[DATA SHOWN]
++++
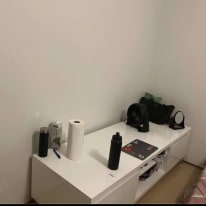 Photo of Ripan's room
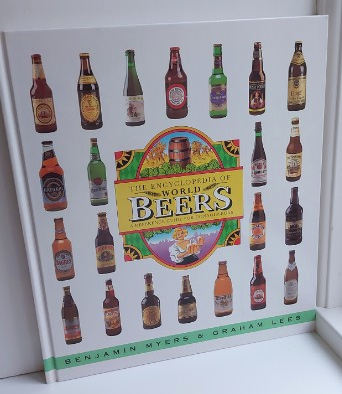 The Encyclopedia of World Beers,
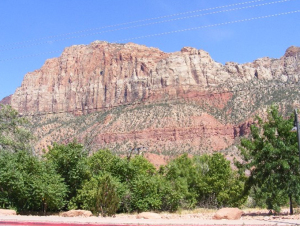 Zion National Park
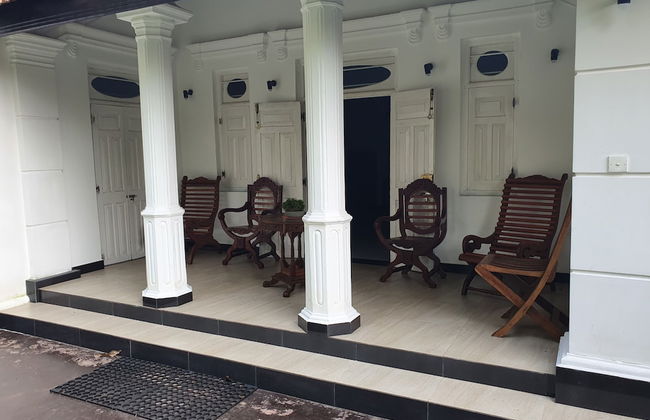 NilaRU Villa - Foto 33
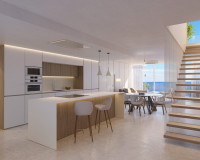 New Build - Apartment / Flat - Torrevieja - La Mata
++++
[ACTION ITEM]
Give back every record exactly, dropping its pictures.

[COMPLETED EXERCISE]
 Photo of Ripan's room
 The Encyclopedia of World Beers,
 Zion National Park
 NilaRU Villa - Foto 33
 New Build - Apartment / Flat - Torrevieja - La Mata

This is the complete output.